• [DIRECTIONS FOR THIS TASK] Please restate word for word the lines of the entries below from the one with "Open living room" to the one with "DETROIT, MICHIGAN - NOVEMBER", inclusive, and leave out every picture.

• [DATA SHOWN]
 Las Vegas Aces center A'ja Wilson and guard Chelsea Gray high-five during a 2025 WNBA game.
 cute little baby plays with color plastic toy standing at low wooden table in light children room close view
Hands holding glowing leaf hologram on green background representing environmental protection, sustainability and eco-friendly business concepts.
---
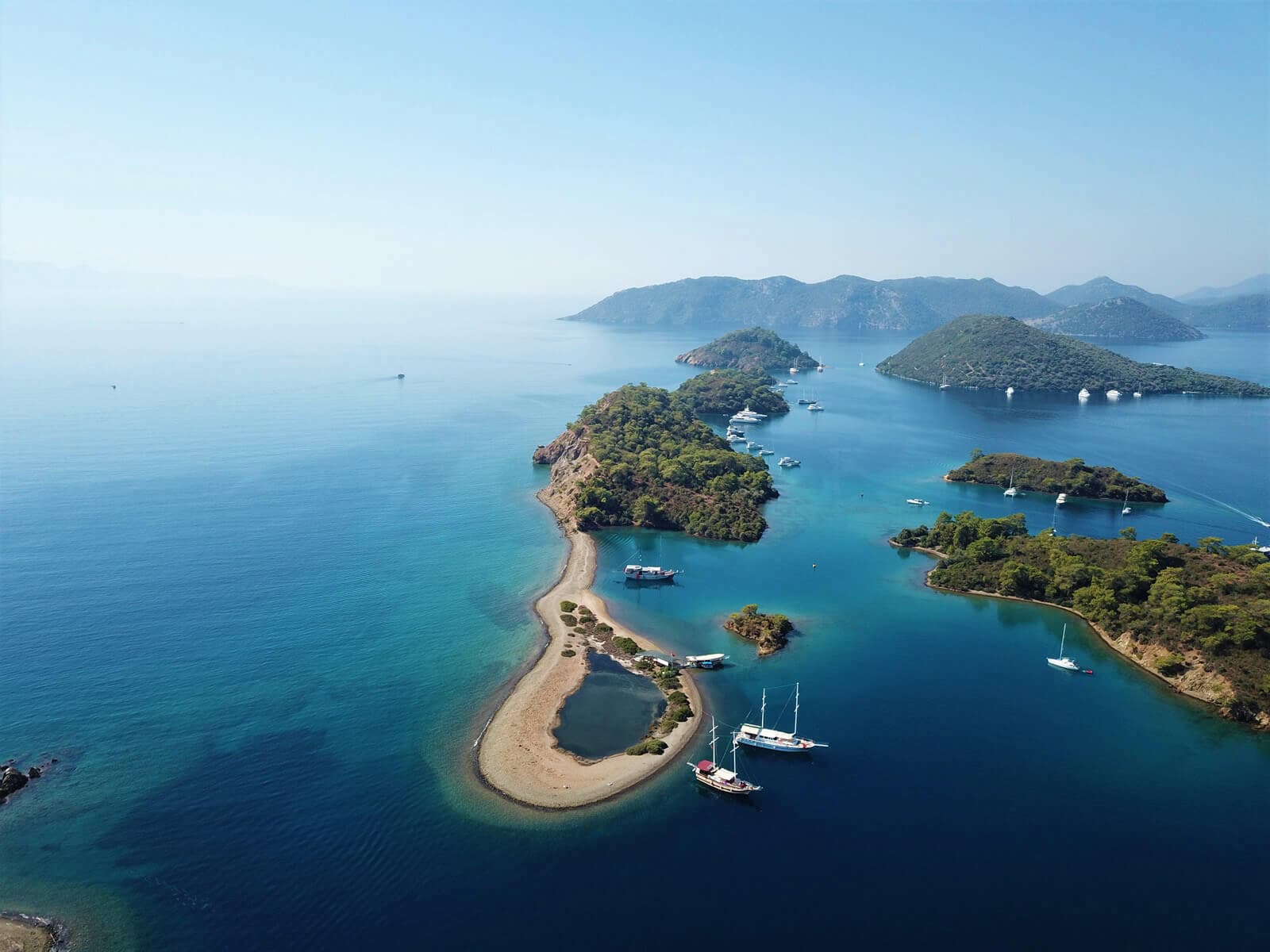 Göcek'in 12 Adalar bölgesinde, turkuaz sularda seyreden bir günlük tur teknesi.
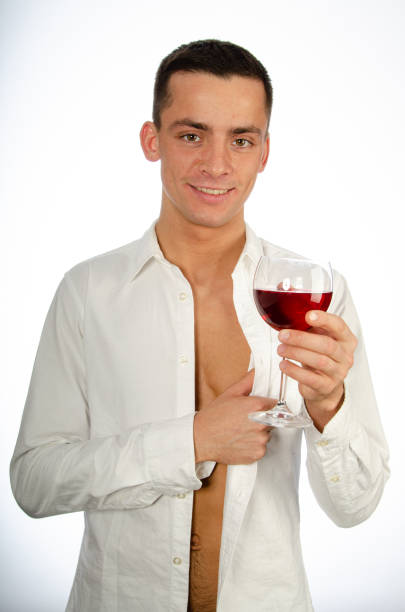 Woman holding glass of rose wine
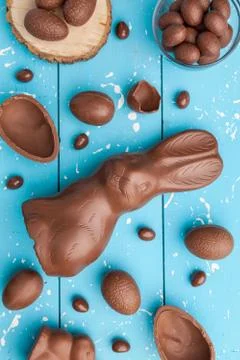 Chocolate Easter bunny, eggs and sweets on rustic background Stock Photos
==
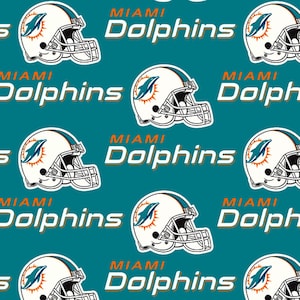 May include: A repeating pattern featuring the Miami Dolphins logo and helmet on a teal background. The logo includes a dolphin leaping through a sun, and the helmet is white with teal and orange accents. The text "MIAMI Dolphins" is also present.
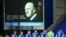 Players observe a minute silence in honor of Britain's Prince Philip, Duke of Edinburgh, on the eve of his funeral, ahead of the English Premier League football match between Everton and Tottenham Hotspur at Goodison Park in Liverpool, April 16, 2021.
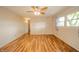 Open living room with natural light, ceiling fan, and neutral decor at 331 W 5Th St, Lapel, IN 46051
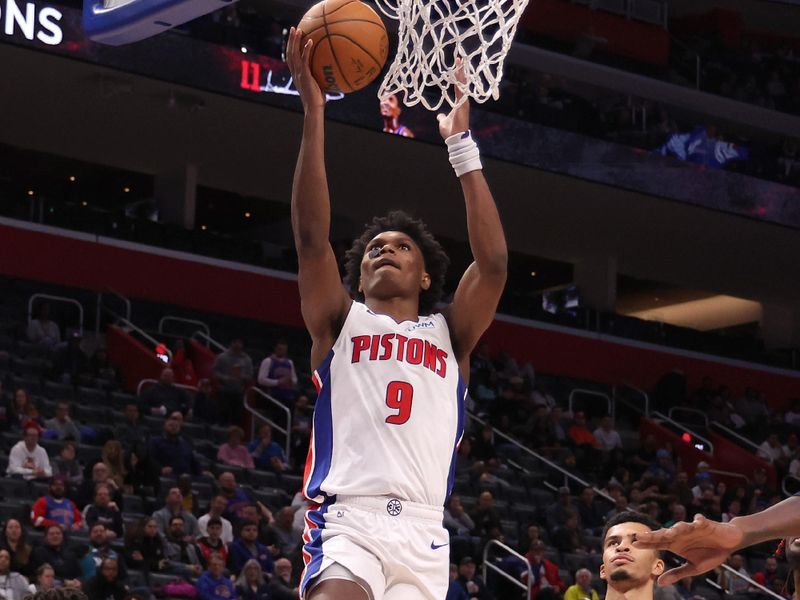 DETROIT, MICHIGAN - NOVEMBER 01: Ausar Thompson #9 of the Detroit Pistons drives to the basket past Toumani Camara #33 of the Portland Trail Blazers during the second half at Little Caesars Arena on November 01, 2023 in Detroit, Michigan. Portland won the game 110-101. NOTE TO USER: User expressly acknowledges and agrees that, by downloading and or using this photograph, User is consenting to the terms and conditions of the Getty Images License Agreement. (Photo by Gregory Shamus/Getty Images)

• [ANSWER AREA]
 Open living room with natural light, ceiling fan, and neutral decor at 331 W 5Th St, Lapel, IN 46051
 DETROIT, MICHIGAN - NOVEMBER 01: Ausar Thompson #9 of the Detroit Pistons drives to the basket past Toumani Camara #33 of the Portland Trail Blazers during the second half at Little Caesars Arena on November 01, 2023 in Detroit, Michigan. Portland won the game 110-101. NOTE TO USER: User expressly acknowledges and agrees that, by downloading and or using this photograph, User is consenting to the terms and conditions of the Getty Images License Agreement. (Photo by Gregory Shamus/Getty Images)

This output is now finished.